Problem description —
When the line containing "thumbnail image 3" appears in the entries below, begin printing there and stop after the line containing "Ribaklamber 16x6 mm, 10 tk. MD0834"; print each of those lines exactly and no other line.

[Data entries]
######
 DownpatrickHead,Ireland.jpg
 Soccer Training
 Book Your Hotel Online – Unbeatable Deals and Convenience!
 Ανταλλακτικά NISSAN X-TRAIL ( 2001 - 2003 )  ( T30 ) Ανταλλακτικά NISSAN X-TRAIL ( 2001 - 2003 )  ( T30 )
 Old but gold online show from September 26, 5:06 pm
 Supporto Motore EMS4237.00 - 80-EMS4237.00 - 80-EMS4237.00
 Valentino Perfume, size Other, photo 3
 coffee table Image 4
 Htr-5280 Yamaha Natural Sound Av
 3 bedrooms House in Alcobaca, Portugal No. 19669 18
######
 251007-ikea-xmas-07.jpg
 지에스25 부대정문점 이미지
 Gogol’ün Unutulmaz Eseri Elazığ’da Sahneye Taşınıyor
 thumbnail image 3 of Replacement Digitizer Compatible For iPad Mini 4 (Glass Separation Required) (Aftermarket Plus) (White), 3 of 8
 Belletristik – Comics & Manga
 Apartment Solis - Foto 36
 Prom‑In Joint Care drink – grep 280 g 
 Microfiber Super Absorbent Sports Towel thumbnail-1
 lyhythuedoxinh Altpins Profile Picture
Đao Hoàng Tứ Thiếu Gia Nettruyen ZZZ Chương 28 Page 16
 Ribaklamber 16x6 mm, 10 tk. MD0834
######
Solution to this task —
 thumbnail image 3 of Replacement Digitizer Compatible For iPad Mini 4 (Glass Separation Required) (Aftermarket Plus) (White), 3 of 8
 Belletristik – Comics & Manga
 Apartment Solis - Foto 36
 Prom‑In Joint Care drink – grep 280 g 
 Microfiber Super Absorbent Sports Towel thumbnail-1
 lyhythuedoxinh Altpins Profile Picture
Đao Hoàng Tứ Thiếu Gia Nettruyen ZZZ Chương 28 Page 16
 Ribaklamber 16x6 mm, 10 tk. MD0834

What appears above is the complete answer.